Listed records -

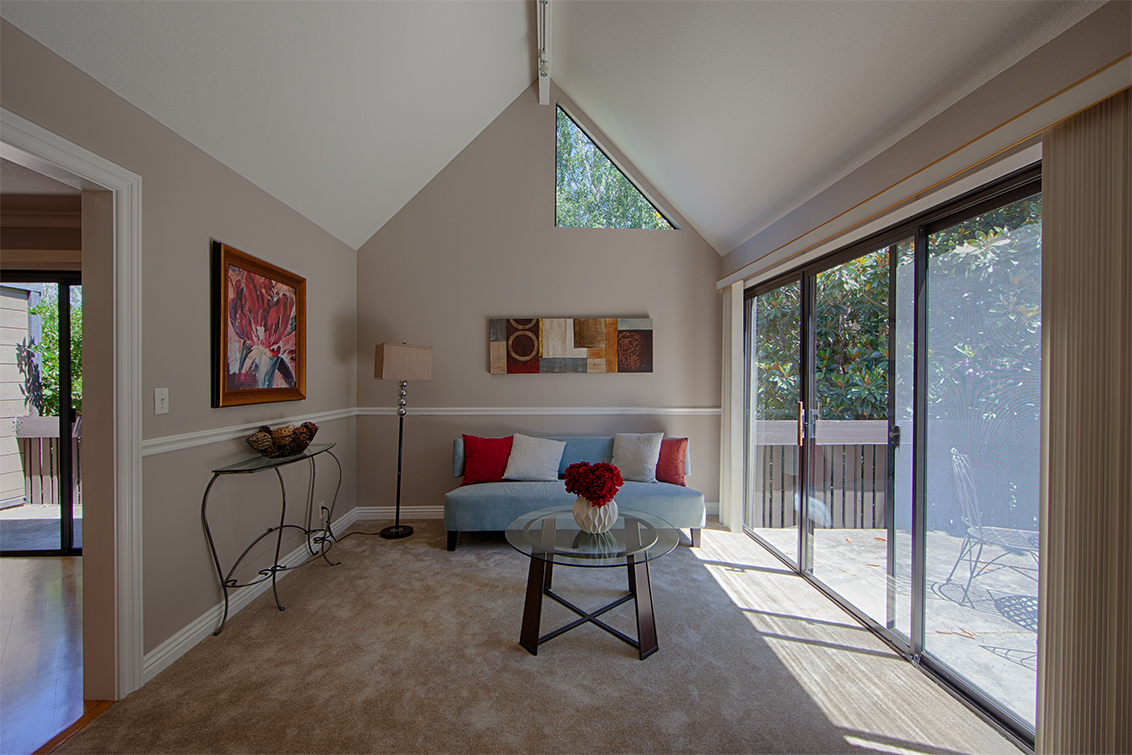 Family Room picture - 4152 Thain Way, Palo Alto 94306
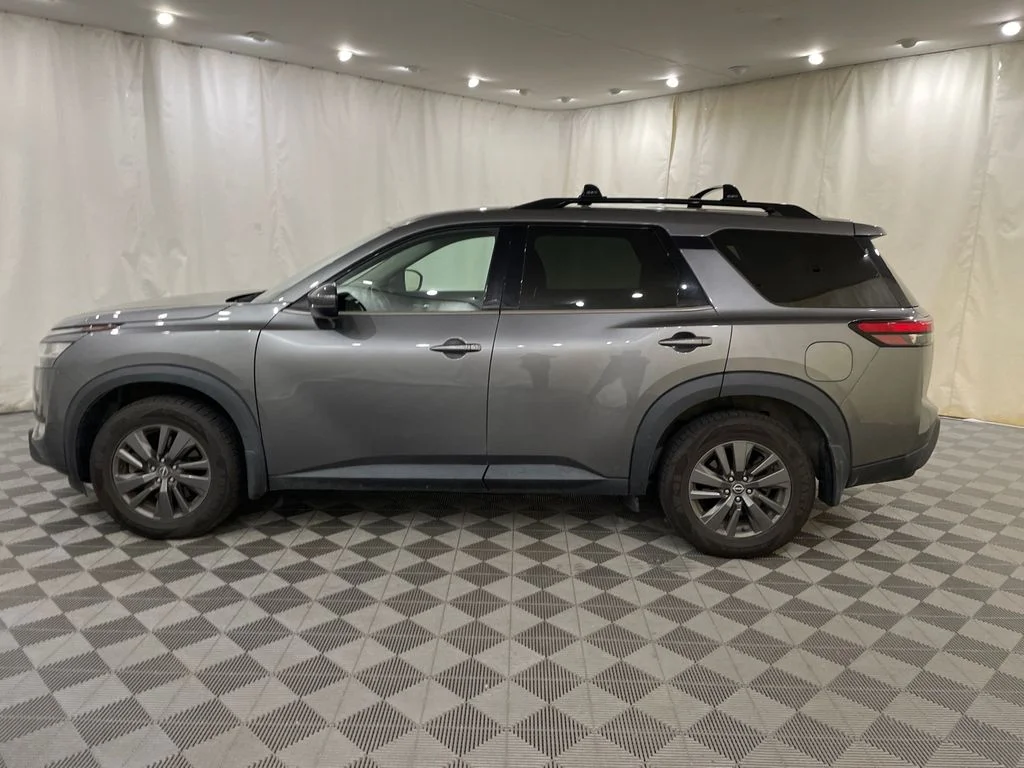 Used 2022 Gun Metallic Nissan SV image 10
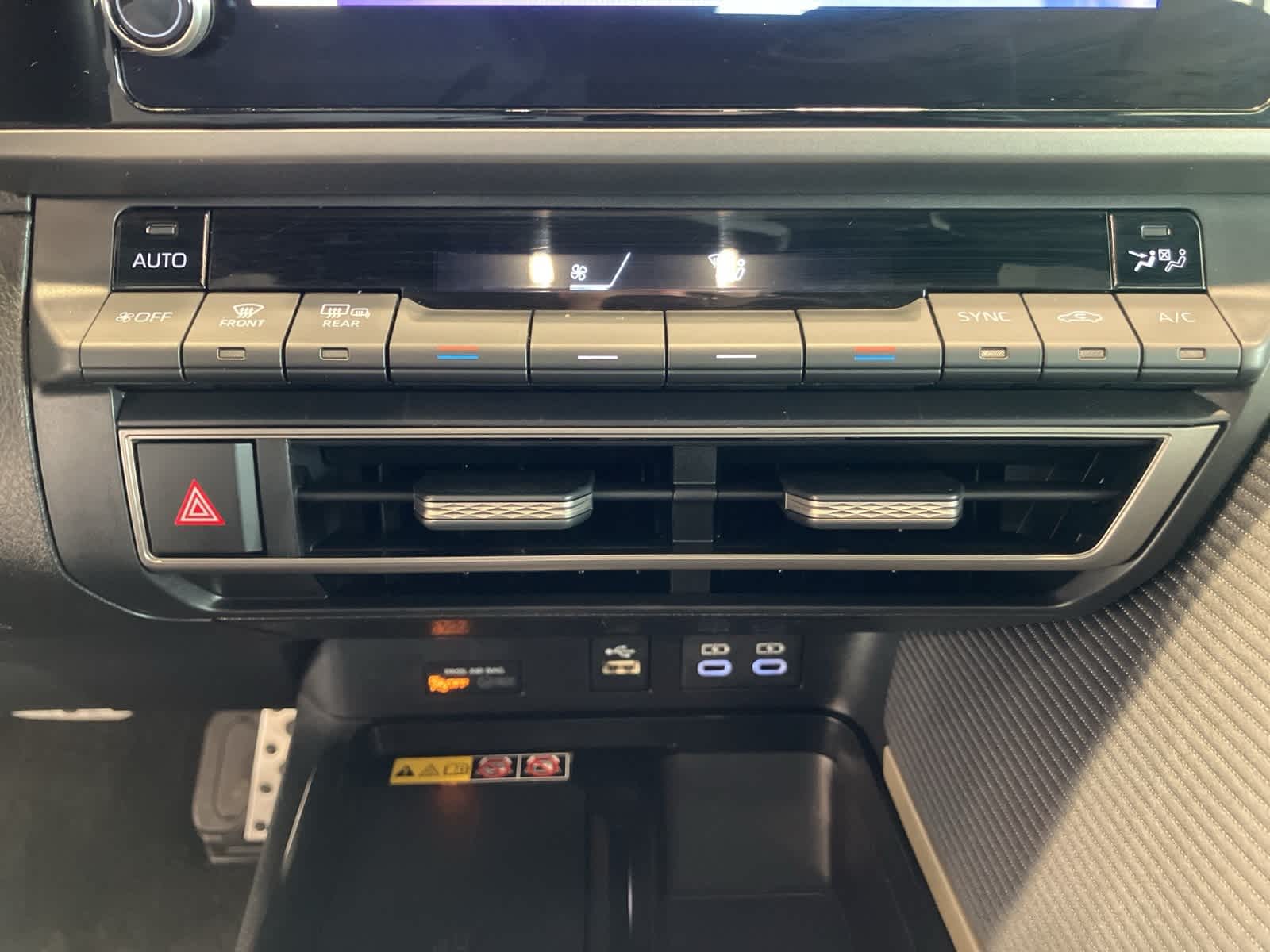 Thumbnail: 2025 Toyota Camry - 19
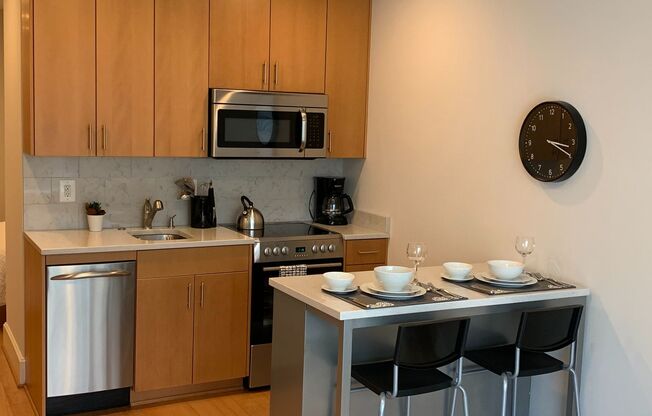 1 bed, 1 bath, $2,750, Unit 307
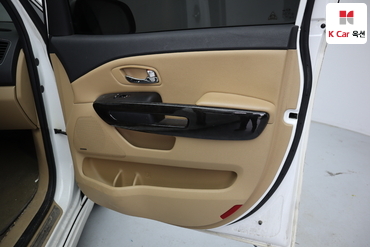 2019 - kia carnival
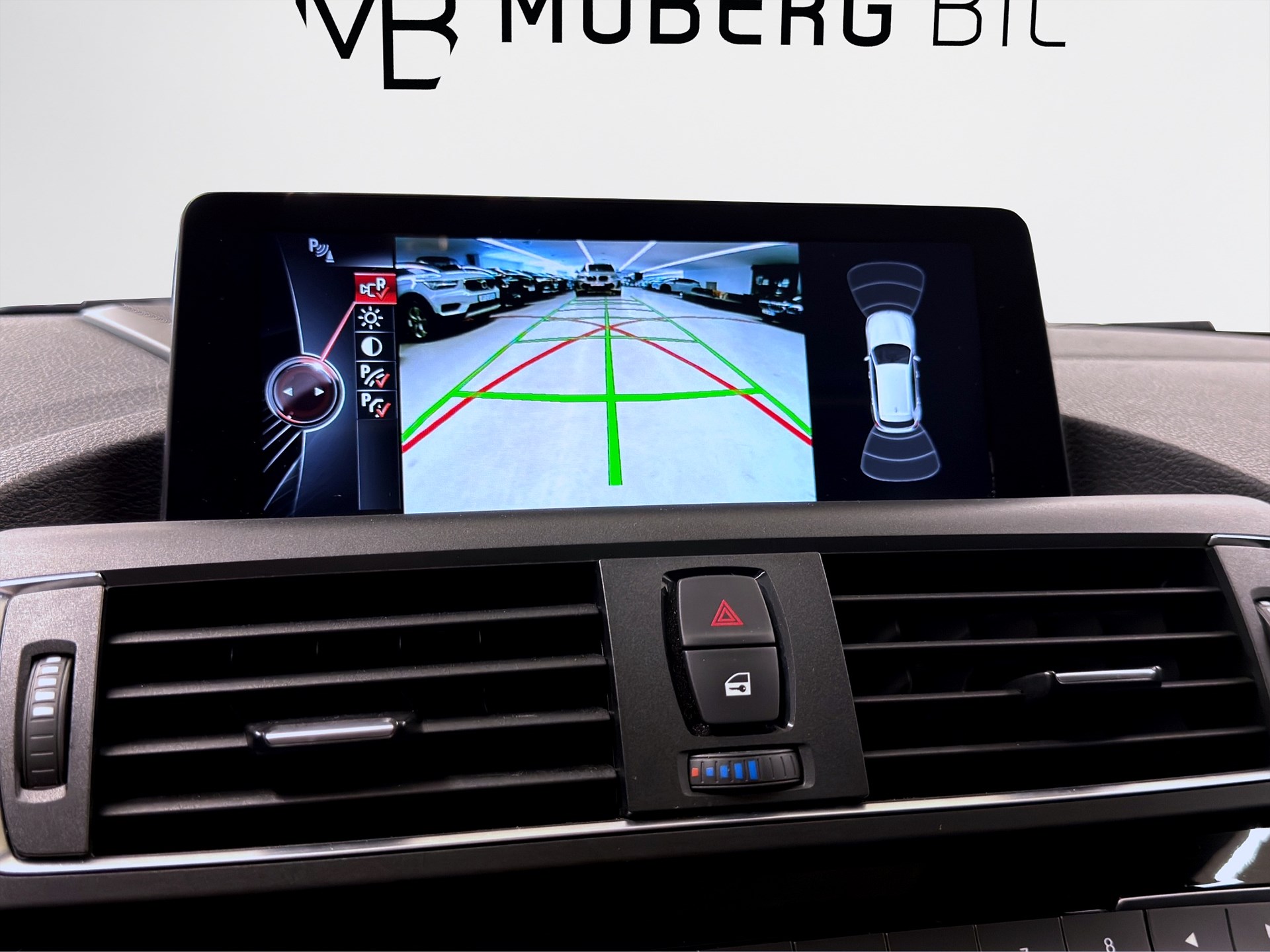 BMW M135i xDrive 5-dörrars 326hk M sport H/K Navi B-Kamera PDC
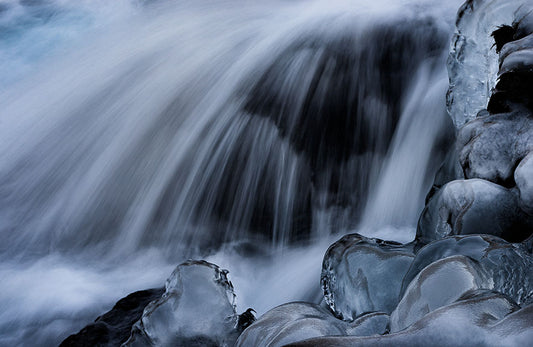 Fototapete-VLIES-WASSERFALL-(8209S)-Wand-Tapete-Nach-Maß-Felsen Kaskade Bach XXL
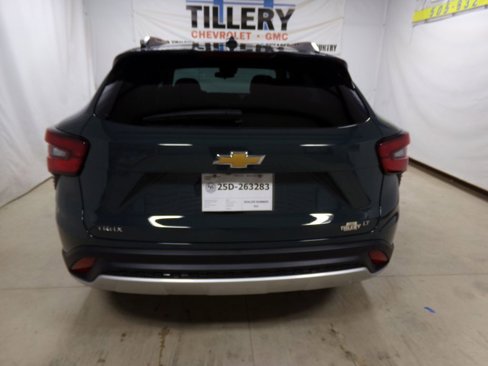 New 2025 Chevrolet Trax LT w/ Driver Confidence Package image 5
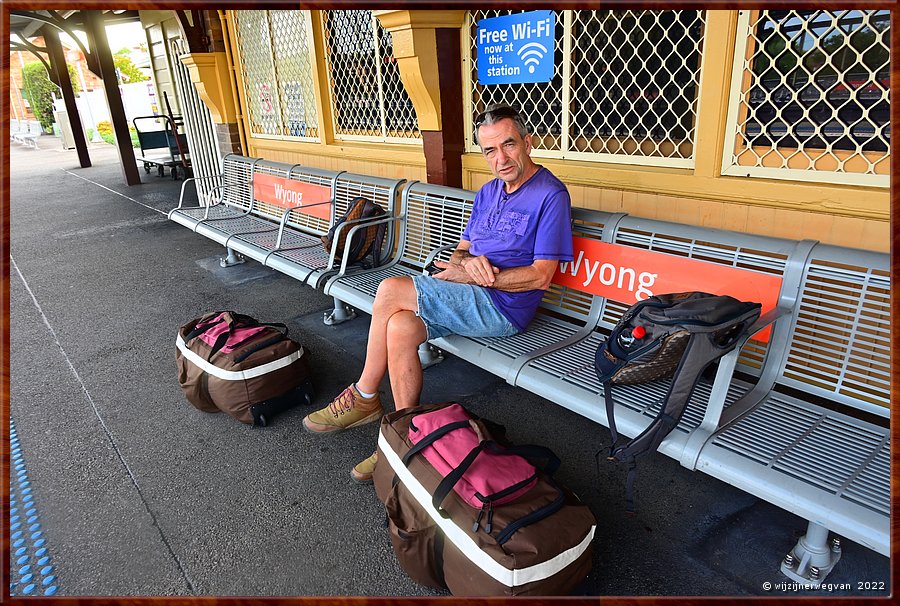 

Wachten op de trein in Wyong Station  -  63/64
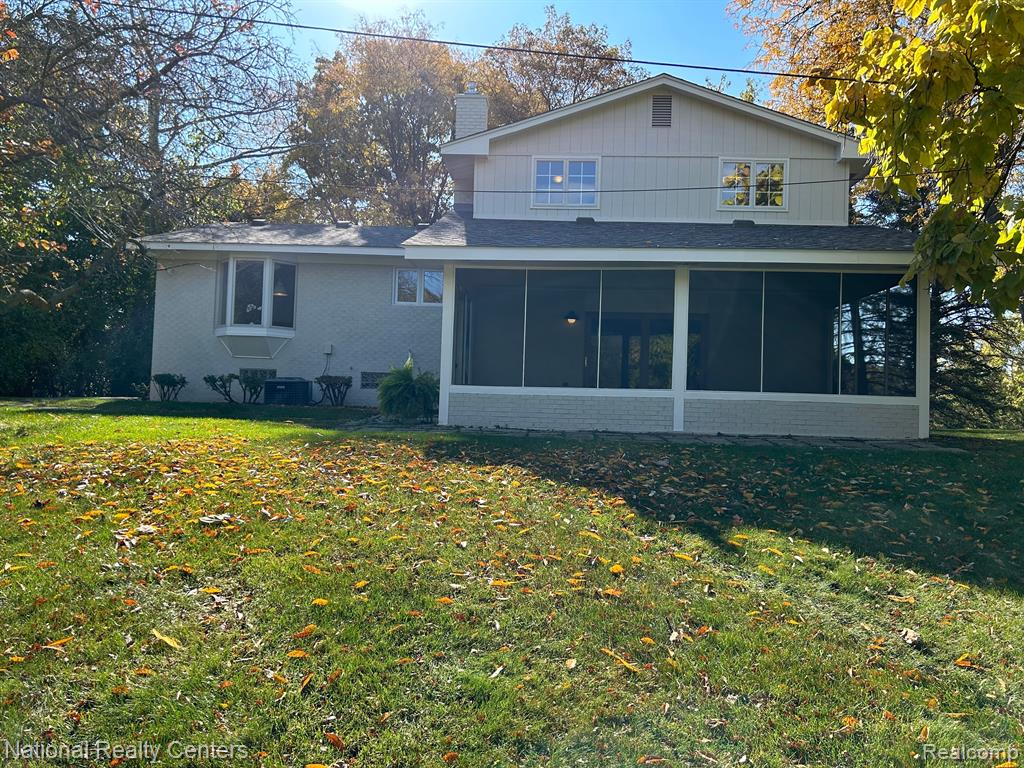 6050 UPPER STRAITS Boulevard, West Bloomfield, MI 48324 — Photo 42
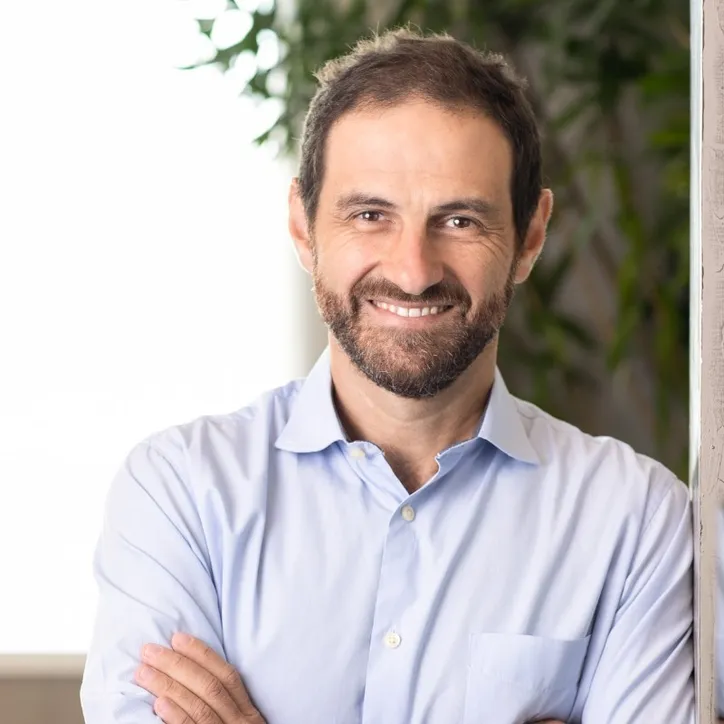Caio Megale irá debater economia e geopolítica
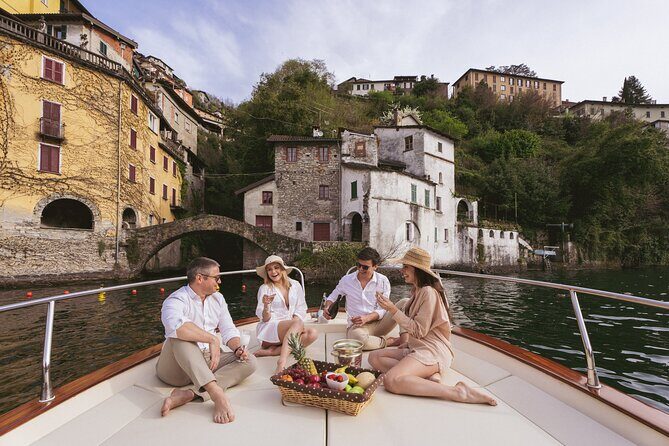 Private Boat Tour on Italian Gozzo on Lake Como - Meeting points and the smart start: Varenna vs Menaggio vs Tremezz o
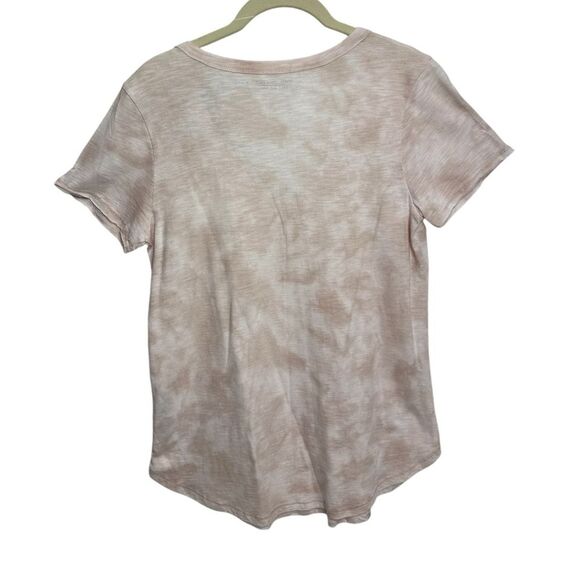 ABERCROMBIE AND FITCH V-neck Tee, Size SMALL - Picture 2 of 9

Problem to solve -
Starting at the line that contains "New 2025 Chevrolet" and ending at the line that contains "Private Boat Tour", transcribe the material above exactly, excluding pictures.

Your response -
 New 2025 Chevrolet Trax LT w/ Driver Confidence Package image 5

Wachten op de trein in Wyong Station  -  63/64
 6050 UPPER STRAITS Boulevard, West Bloomfield, MI 48324 — Photo 42
Caio Megale irá debater economia e geopolítica
 Private Boat Tour on Italian Gozzo on Lake Como - Meeting points and the smart start: Varenna vs Menaggio vs Tremezz o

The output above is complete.